Some years later my father was attending a Bible study circle lead by a buddy of his, and asked me what I made of the proofs of Christianity that this fellow urged on him. I asked, "Why do you ask me? Why not ask someone else who could give you a more certain answer?" He said that anyone else he asked would give him an answer that he could already predict, so he wasn't interested.

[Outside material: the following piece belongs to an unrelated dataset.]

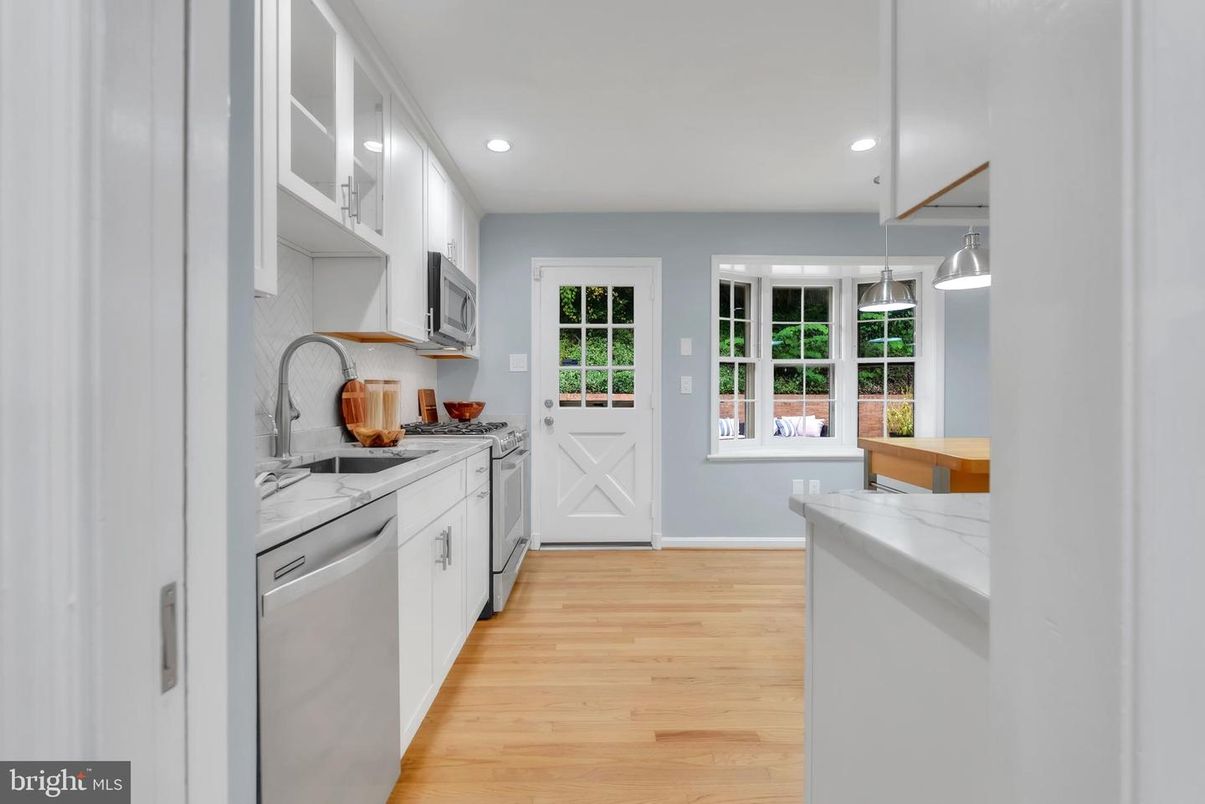 Interior, Kitchen, Pendant Lights, Recessed Lighting, Wood Texture Flooring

Think about that for a minute.  In my father's eyes, testimony was worthless from someone whose answer he could already guess. Now supposing I gave him an answer, Yes or No. Would he accept it? On the contrary, once I'd answered with any certainty, I would become someone whose answer he could thenceforth guess, and so my testimony would become worthless. I would not have answered any questions for him about the truth or falsity of Christianity; I would only have given him information about me -- namely, that I was now predictable as far as that question goes.
 
In a real sense, then, nothing I could have said would have convinced him either way. If he were predisposed to believe, and I disagreed, I would become in his eyes an Atheist and therefore wrong. If he were predisposed to disbelieve, and I disagreed, I would become in his eyes a Believer and therefore wrong.  Once you are prepared to discount the testimony of people who are (as you think) required to say what they say by blind adherence to some kind of dogma, then you can only convert yourself. And that in turn can take place only when you have had something happen inside you to prepare the way, to make you predisposed to convert. Anyone who tries to convince you of something which you have not experienced in some way -- for which the soil of your mind has not been somehow already prepared -- becomes in your view a lunatic or an idiot, whose testimony cannot be taken seriously. So you will only take seriously the testimony of someone preaching to you a faith which you want to hear, where the hard work of re-setting your emotional disposition (the crucial part of conversion) has already been done by you. In this sense, you can convert to a different religion, but no one else, in the most serious sense, can convert you.